Patut diingat, profesi tenaga pengajar nantinya akan memikul tanggungjawab yang tidak ringan. Selain harus melakukan proses belajar mengajar secara komprehensif (dari penyiapan, pelaksanaan, sampai evaluasi), mereka juga mesti melakukan berbagai aktifitas lain yang terkait dengan profesi keguruan secara profesional Mengingat guru merupakan profesi khusus yang diakui kompetensinya, sebagaimana dokter, perawat, dsb.

Sebagai ujung tombak keberhasilan pendidikan, saat ini tenaga pengajar diberikan wewenang yang lebih dibandingkan pada masa-masa sebelumnya. Kurikulum pun dirancang sedemikian rupa agar para guru lebih mampu berimprovisasi dalam proses pembelajaran. Pertanyaannya, siapkah para guru dan calon guru kita untuk memasuki era tersebut ? Karena harus diakui, mayoritas tenaga pengajar belum sepenuhnya bisa merubah paradigma pengajaran konvensional yang selama ini telah berurat akar.

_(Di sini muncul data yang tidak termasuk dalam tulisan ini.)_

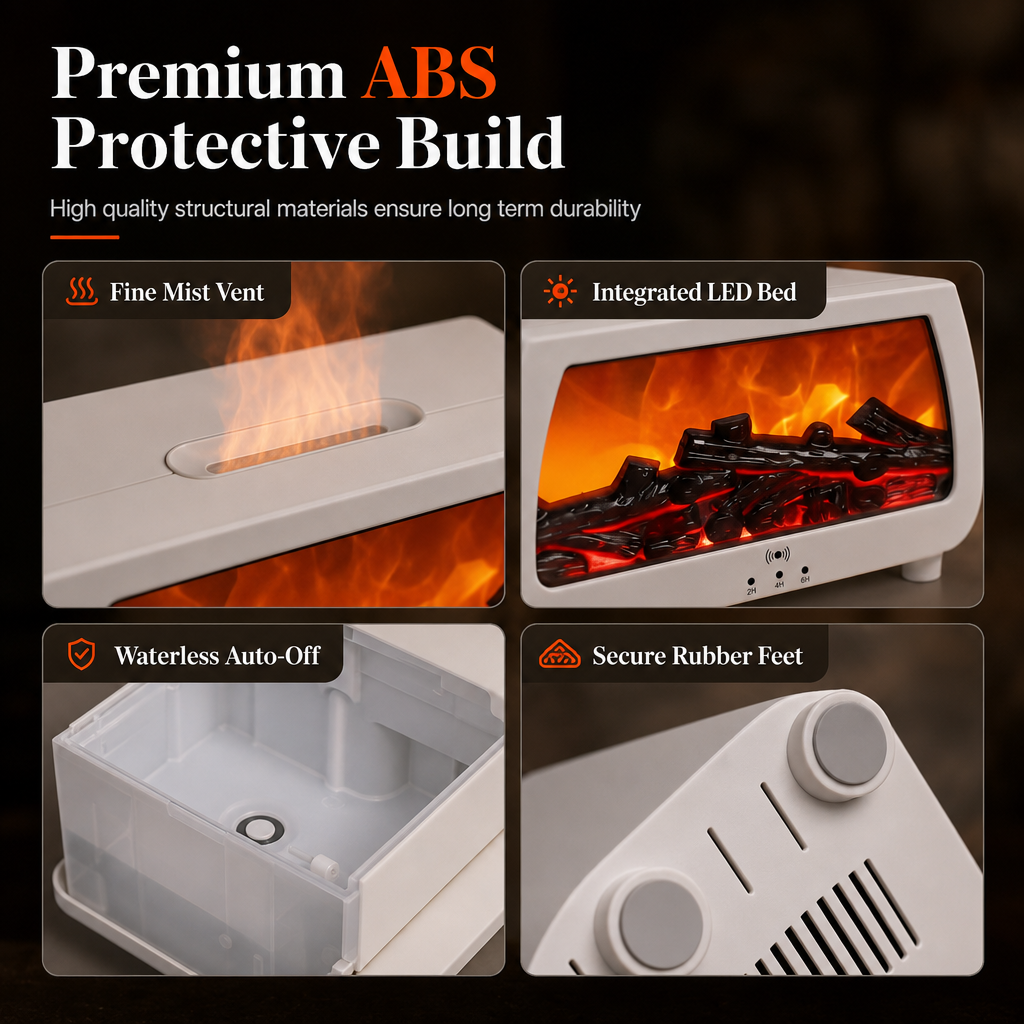 🔥 Simulated Fireplace Flame Essential Oil Diffuser - Ultrasonic Aromatherapy Humidifier 🕯️
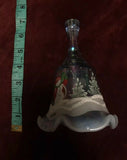 Fenton Signed Iridized Hand Painted Cheistmas 1999 Snowman Bell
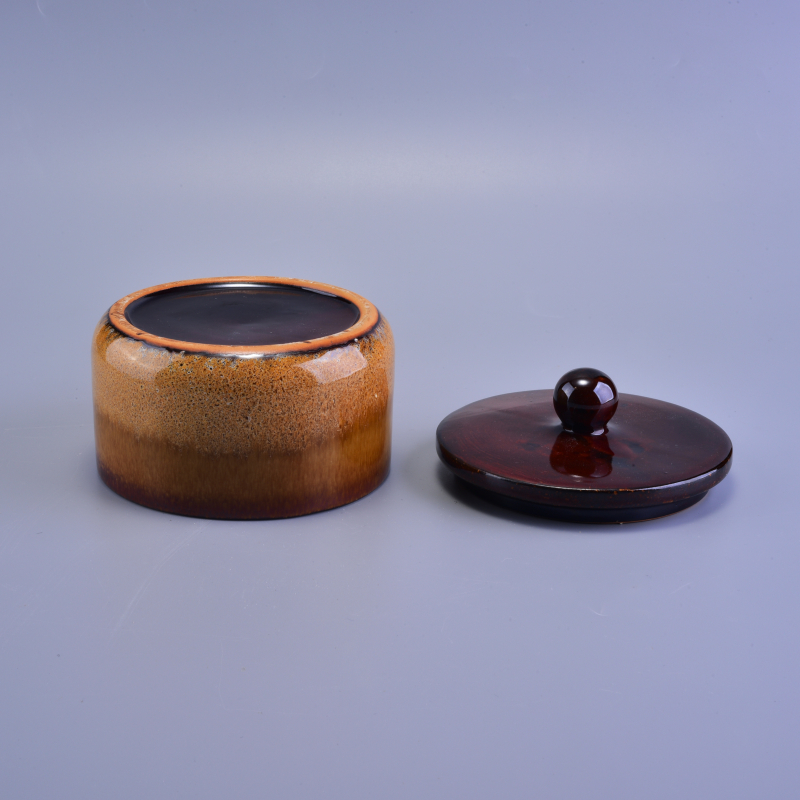 Scented ceramic candle jars with lid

Selain itu, di tengah kondisi zaman yang semakin modern dengan dinamika kehidupan yang semakin kompleks, tentu bukanlah hal yang mudah untuk menghasilkan anak didik yang berkualitas, baik secara keilmuan maupun kepribadian. Beragam tantangan akan siap menghadang.

Meski begitu, peran guru –sebagai ujung tombak keberhasilan proses belajar mengajar karena ia yang langsung berhadapan dengan anak didik- tetap merupakan kartu AS keberhasilan proses pembelajaran di sekolah-sekolah. Terbukti dengan masih adanya segelintir guru yang memiliki prestasi membanggakan di tengah karut marutnya sistem pendidikan nasional kita.

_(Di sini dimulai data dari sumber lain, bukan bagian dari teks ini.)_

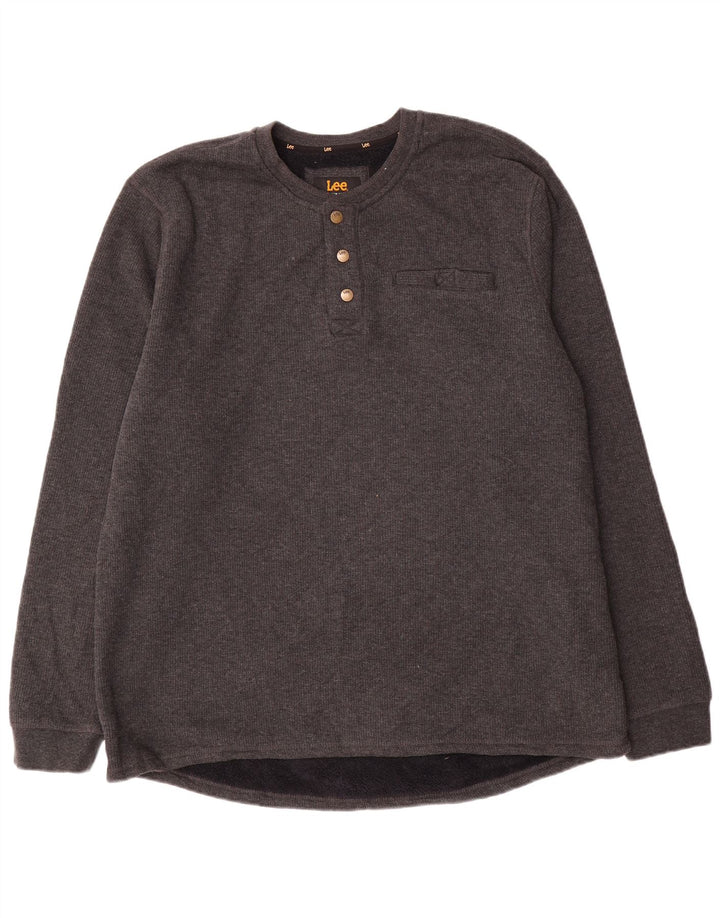 Lee Mens Regular Fit Sweatshirt Jumper XL Gris Moucheté Coton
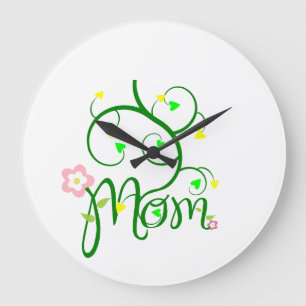 Mum Love Floral Heart Blossom Vines Destiny Sports Large Clock
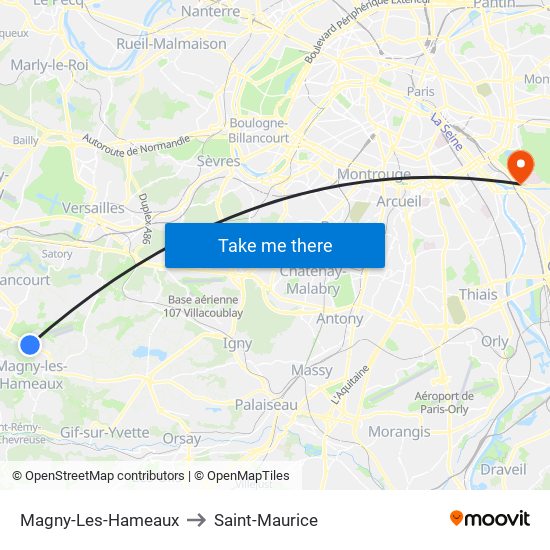Magny-Les-Hameaux to Saint-Maurice map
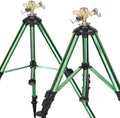 2 Pack Impact Sprinkler on Tripod Base, 360° Adjustable Brass Sprinkler Head with Stakes, Heavy Duty Metal Tripod Lawn Sprinkler for Large Area Lawn, Yard & Garden Irrigation by Unknown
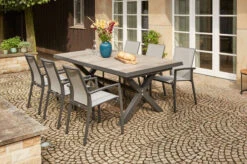 SIENA GARDEN Velia / Sincro Dining Set, Anthrazit/natur-grau, Alu/Ranotex/Keramik, 6 Sessel, Ausziehtisch 205/265 X 103 Cm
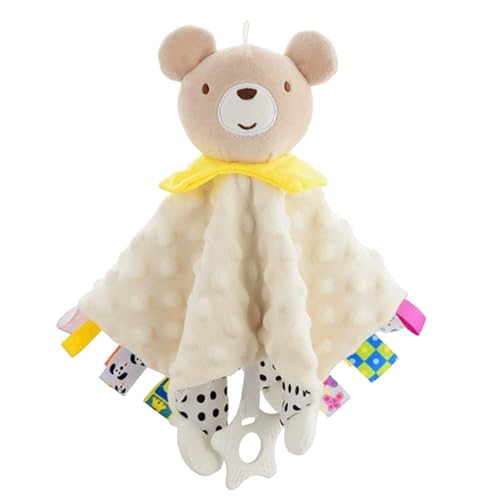 Image of Bear Security Blanket with Tags Teether Animal Taggie Soft Baby Blankets for Boys and Girls Baby Stuff for Newborn Toys Snuggle Baby Lovey Dotted Blanket Animal Soothing Lovey Beige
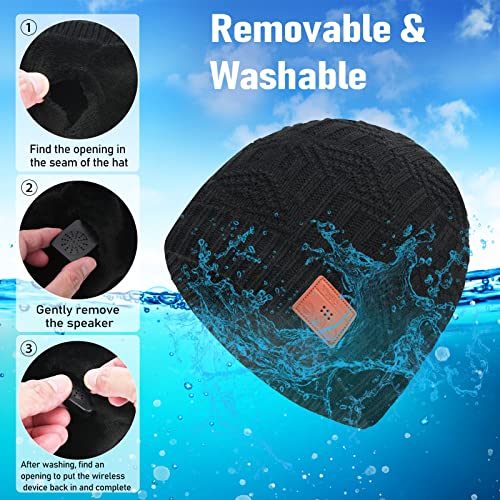 Wireless Beanie Hat for Men Gifts Winter Music Hat Hands-Free Wireless Hat Unique Gifts for Men Washable Stocking Stuffers Gifts for Men Unique Black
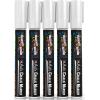 imageCHALKY CROWN Liquid Chalk Marker Pen  White Drawing Chalk  Chalkboard Markers for Chalkboard Signs Windows Blackboard Glass  6mm Reversible Tip 5 PackWhite
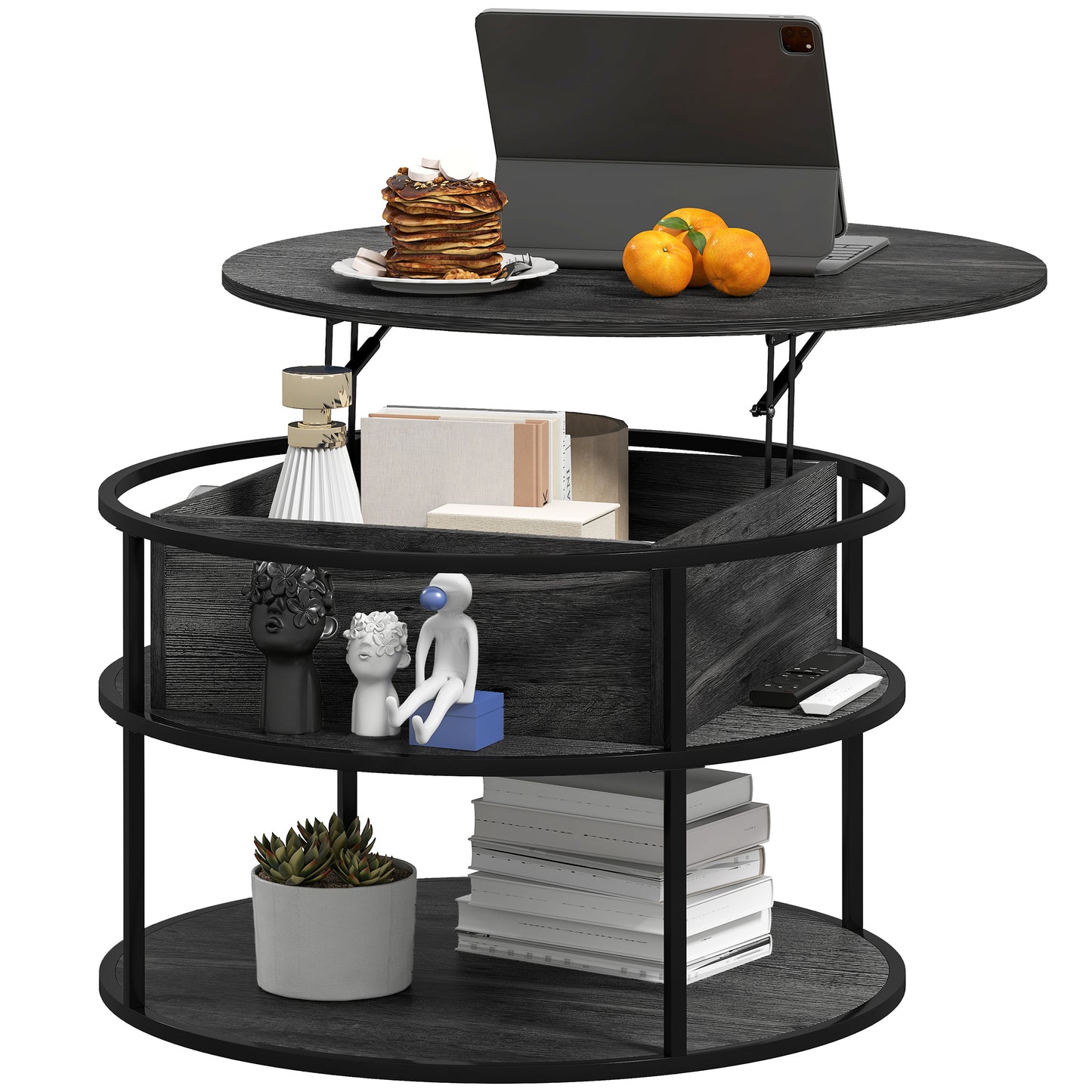 Table basse ronde avec étagère de rangement, compartiment caché et structure en acier, gris foncé vieilli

Pesan Untuk Para Calon Guru

Tantangan yang sedemikian besar bagi para guru dan terutama calon guru mengharuskan mereka untuk melakukan persiapan maksimal agar tujuan proses pembelajaran bisa tercapai.

Sebagai seorang mahasiswa keguruan yang nantinya akan berprofesi sebagai tenaga pengajar, sudah sewajarnya memiliki bekal yang cukup untuk memberikan pendidikan yang berkualitas kepada para anak didik. Kompetensi dan kualitas yang prima merupakan harga mati yang mesti dipenuhi oleh seluruh mahasiswa keguruan. Karena bagaimanapun, SDM yang handal hanya bisa dihasilkan dari para guru yang berkualitas.

Guru adalah profesi yang sangat mulia. Ditangannya lah nasib bangsa ini ditentukan. Guru yang baik akan senantiasa memberikan pengetahuan, bimbingan, motivasi, dan arahan yang positif bagi kemajuan anak didiknya. Ia akan akan menggunakan berbagai cara dan sarana yang memungkinkan semua tujuan tersebut dapat tercapai. Semuanya ia lakukan semata-mata dilandasi oleh semangat pengabdian yang tulus. Bukankah sebaik-baik manusia adalah yang dapat memberikan manfaat bagi sesamanya ?

Ada beberapa hal yang dapat dapat dilakukan agar nantinya kita dapat menjadi tenaga pengajar yang berhasil, antara lain :
1. Mendalami pengetahuan didaktik (metodologi belajar mengajar). Dimasa yang akan datang, tenaga pengajar diberikan wewenang yang luas dalam membuat metode pembelajaran sesuai dengan kebutuhan para anak didiknya. Guru harus memiliki kreatifitas dalam pembelajaran agar pengetahuan yang disampaikan dapat diserap secara maksimal oleh setiap peserta didik.
2. Mendalami pengetahuan yang berkaitan dengan bidang studinya. Pengetahuan senantiasa berkembang dan dinamis. Agar tidak ketinggalan, banyak banyak lah membaca dan mengikuti perkembangan informasi dari berbagai media yang ada. Profesionalitas seorang guru banyak ditentukan oleh sejauh mana tingkat kompetensi guru yang bersangkutan terhadap mata pelajaran yang diasuhnya.
3. Menguasai teknologi informasi. Dimasa persaingan yang semakin mengglobal, tentunya tidak lucu kalau tenaga pengajar masa depan gagap dengan teknologi informasi. Komputerisasi dan digitalisasi telah merambah keseluruh aspek kehidupan kita. Bahkan, proses pembelajaran tidak jarang memanfaatkan media teknologi informasi, semacam teleconference. Selain itu, beragam informasi penting dapat diakses lewat teknologi informasi yang tersedia, semisal internet.
4. Yang tidak kalah penting, para calon guru harus memiliki akhlak yang baik. Mendidik bukan hanya mentransfer ilmu dan keterampilan, tapi juga memberikan contoh dan teladan. Membentuk kepribadian anak didik agar mereka siap dengan berbagai dinamika kehidupan. Kecerdasan intelektual mesti berdampingan dengan kecerdasan emosional dan kecerdasan transendental.


*) Pernah dipublikasikan pada rubrik Opini Harian Mata Banua, Edisi 29 Desember 2007.